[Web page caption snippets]
******
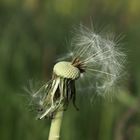 Pusteblume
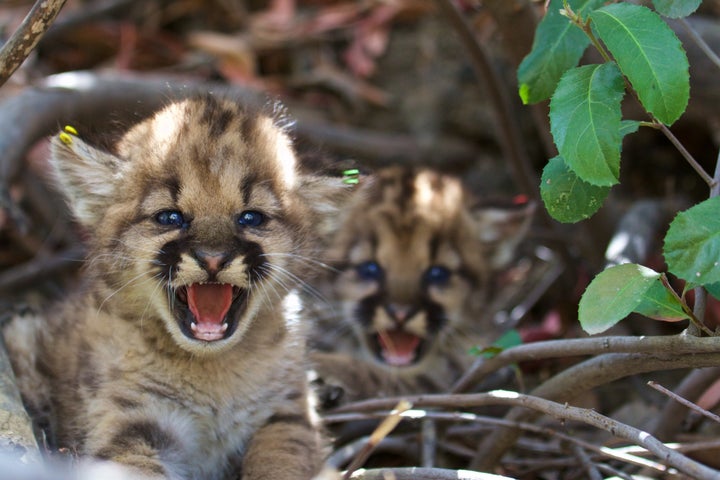 Two female mountain lion kittens in the eastern Santa Susana Mountains in June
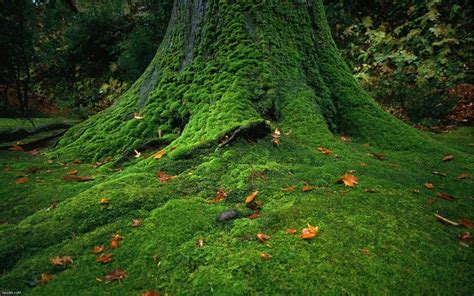 Carpet Moss - temperate deciduous forest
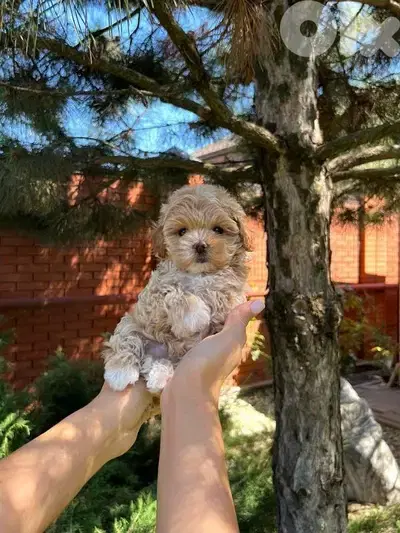 Smallest Maltipoo Puppies/ dog كلاب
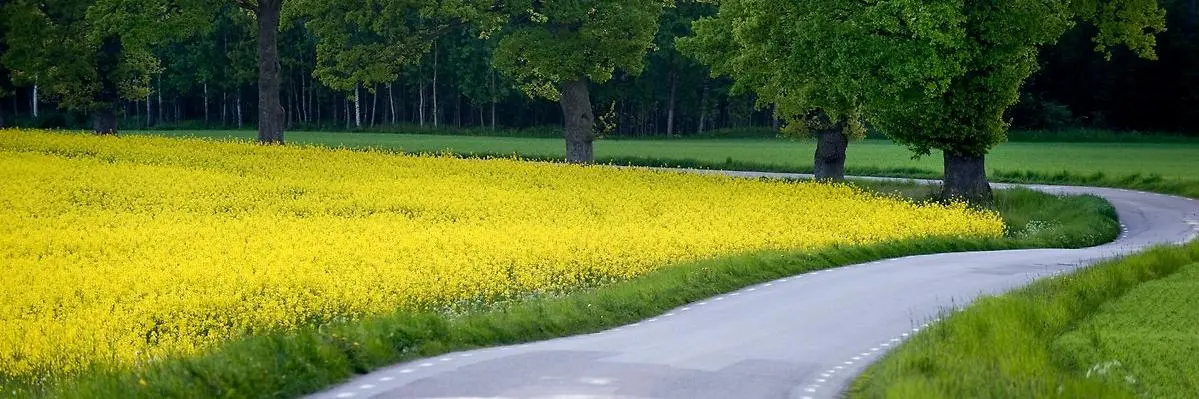 Landskapsbild Skåne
******
Task to carry out - Once the line containing "temperate deciduous forest" is found, transcribe it and every line after it to the end of the records, exactly and with no pictures.

Answer to this exercise -
 Carpet Moss - temperate deciduous forest
 Smallest Maltipoo Puppies/ dog كلاب
 Landskapsbild Skåne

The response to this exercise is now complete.